In relation to this, I have been investigating the possibility of effective encapsulation of state for highly modifiable slot-based objects as found in several object-centered languages. Regarding this I found a paper on the encapsulation mechanism of Self prior to version 3 (Parents are Shared Parts: Inheritance and Encapsulation in Self) where slots could be declared as "private"; such slots can then only be referred to by objects of the same delegation family. (However, according to the comments on the selflanguage.org discussion forum, the privacy declarations have been degraded to pure annotations in Self version 3 because it "was found to be unworkable", partly because the protection mechanism could be easily circumvented due to Self's dynamic inheritance, which is also mentioned in the paper.) I also learned about a seemingly well-known JavaScript pattern where private data is modeled as capturing of local variables during object construction, but I find this scheme to be quite unpractical as it requires any method needing to access private slots needs to be effectively copied for each object clone, which defeats message delegation. Other than that, I haven't found anything concrete on the topic yet.

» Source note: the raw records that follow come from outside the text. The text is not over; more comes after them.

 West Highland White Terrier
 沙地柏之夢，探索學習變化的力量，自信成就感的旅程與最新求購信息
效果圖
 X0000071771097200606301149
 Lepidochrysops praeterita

So I thought about the issue myself, and came up with an idea that I would like to share with you. Suppose an object is a collection of slots, each of which associates a name symbol with a value. It is possible to retrieve a slot's value from an object by sending it a message, "getSlot", with the name of the slot as argument. Now, further suppose that name symbols are themselves objects, and are unique: there are never two symbol objects which denote the same name. So, in fact, objects slots can be thought of as object-object (instead of string-object) associations. We could thus generalize: instead of special name symbols, "getSlot" could instead allow any object to act as slot key, making it possible to to associate any object with any other in the context of a specific object.

Now my idea: given the above, it is clear that in order to refer to a slot in an object, two things are needed: the object itself, and the slot's key object. This means that without a reference to the slot key object, it is impossible to access to corresponding object slot. In the simple case that all keys are name symbols, this is a trivial statement, as in most languages, it is possible to refer to any symbol from any context by the way of literals. But if slots are modeled as generalized object-object associations, it is possible to create a key object which is only available in the context of its creator, and which may be used to control access to the slot by passing it only to privileged parties. Thus, such a system would enable the programmer to use arbitrary objects as capabilities for accessing a slot, in the spirit of existing capability systems on the object reference level.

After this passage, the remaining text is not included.